After 10 minutes of trying to decode the man’s words, I’m coming to the very disheartening realization that there isn’t much I can do for the man at this point, in this place and under these circumstances. Something about this man’s circumstance, mixed with his essence, is creating a very painful area in my heart. I tell the man I have to go and ask a final time if there was something he needed. Again, he doesn't break stride in his conversation, almost as if I hadn’t said anything at all. It’s starting to seem that he’s not communicating his needs to me clearly because, to him, I am barely here at all. I touch his shoulder to let him know I’m human. I say goodbye and good luck. He gives me a quick look and head nod and continued on with his conversation. It was as if I was a friend leaving from the restaurant and he was in the middle of saying something very important to the person that sat across from him. As real and convincing as his body language is, there’s no one there.

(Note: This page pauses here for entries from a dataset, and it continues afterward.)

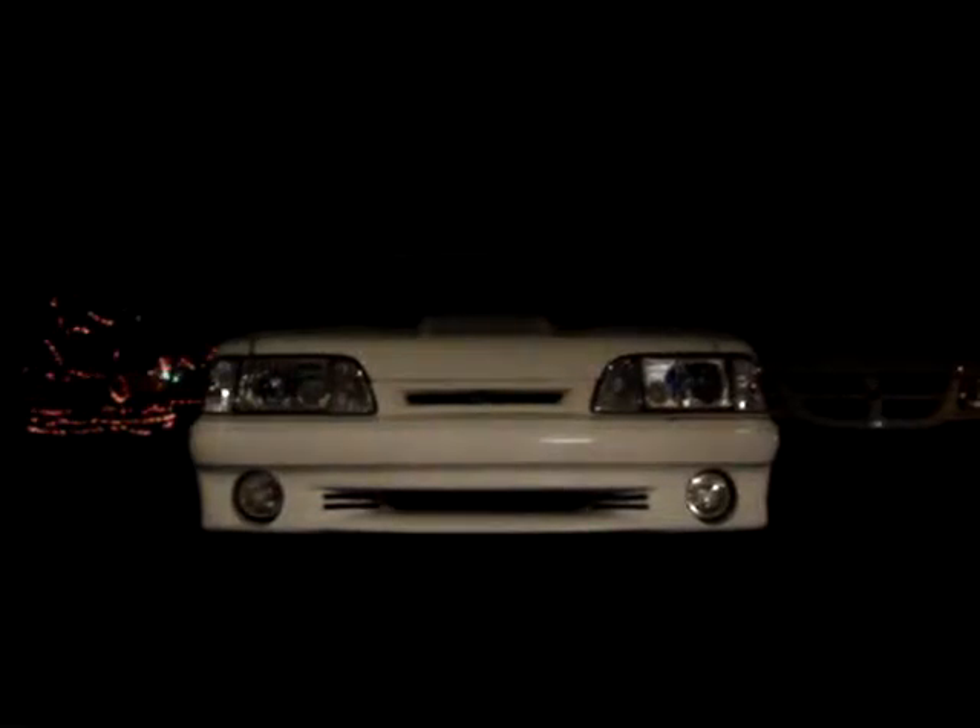Hey guys, I just wanted to show you these fog lights on the GT. Most of them are running the H3 bulbs. They usually run pretty hot, and generally most GTs in time — if you use the fog lights a lot — it will melt the switch.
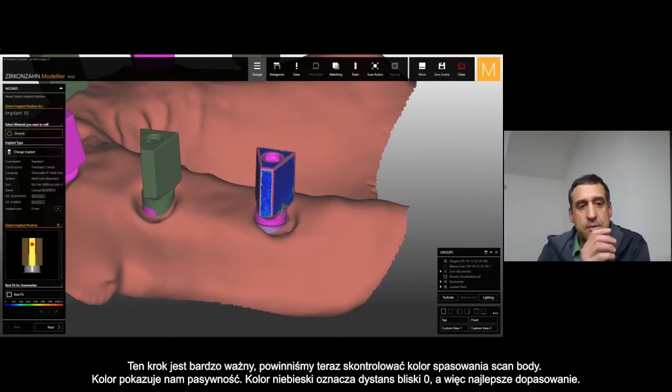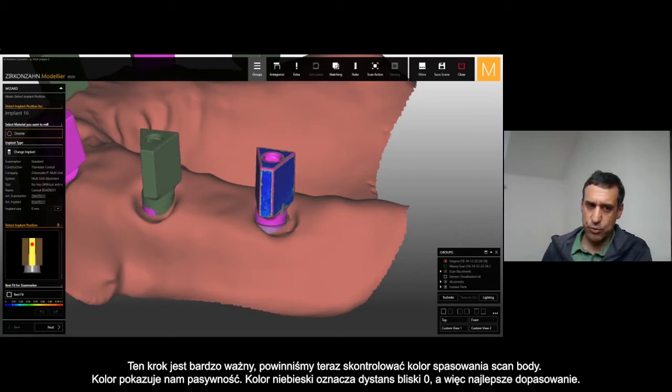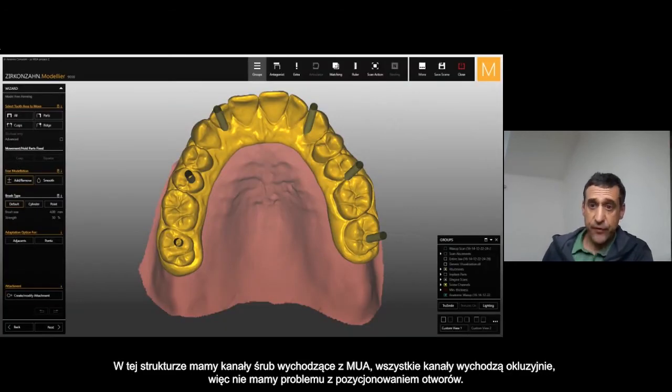That's really important — this step: control every time the color, the matching color between the digital and the scan body. That's important to be sure about the fitting. The blue color is close to zero, so the matching is really accurate. You can see right now the framework and the channel screw coming out from the multi-unit — all channel screws are coming out occlusally.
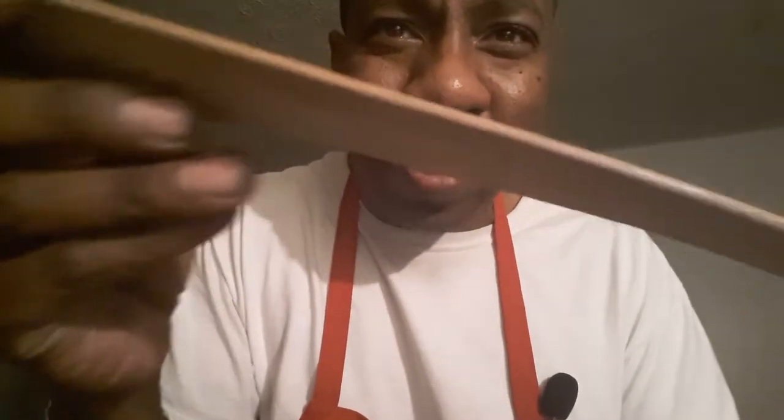I want you guys to see this — you see how rough that is on that side? See how rough that is? Now look at that — that is beautiful. You can see a little glossy shine depending on how the light hits it. I'm trying to make sure the camera is getting it. You guys can see that. So how did you do that, cowboy? I'm going to tell you how I did it.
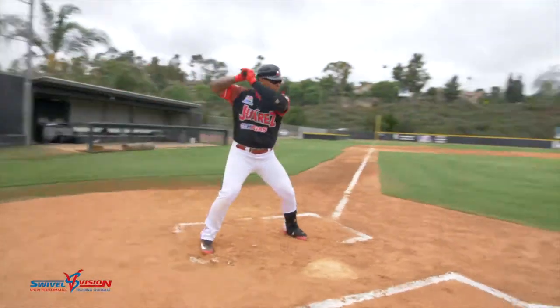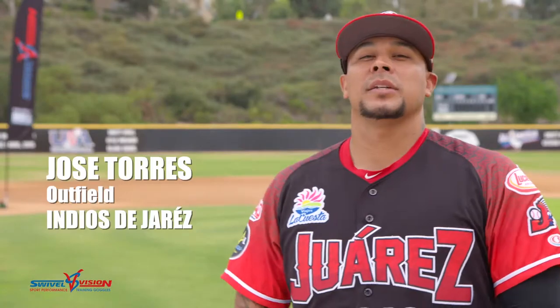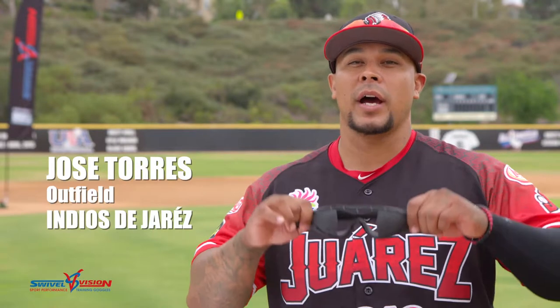Swivel Vision is a great product for you so you can focus on the ball. My name is Jose Torres from the Indios de Juarez, and this is why I wear Swivel Vision.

I walk off. I look back to see him rub his head fiercely again and look my way. I can’t help but get the feeling that his frustration was that he just couldn’t get across to me what he wanted to. Emotion so strong in me that I feel nausea. This part of life hurts. It breaks my heart. Even in that dark moment, however, I find light.
As I leave Denny’s into the parking lot and into the car, I look back at the illuminated Denny’s sign that I can see in my side mirrors. With a smirk on my face and a tear I hide from my friends, I think, “How ironic? It’s here that I find truth. It’s here that I find regret... and yet, progress. It’s here at Denny’s at 2:30am that I find life reassuring me that no matter what superficial successes befall me, I can’t outrun the condition of humanity. Money won’t hide me or those I love from the harshness of this world. The circumstances of my fellow men and women are reality, and we can’t buy out of reality.
In my reflection of the “Denny’s Dweller”, it has added to my desire, ammunition and determination to fight. Fight against greed, fight against hate, fight for a better tomorrow for everyone. I fight for HUMAN WELFARE.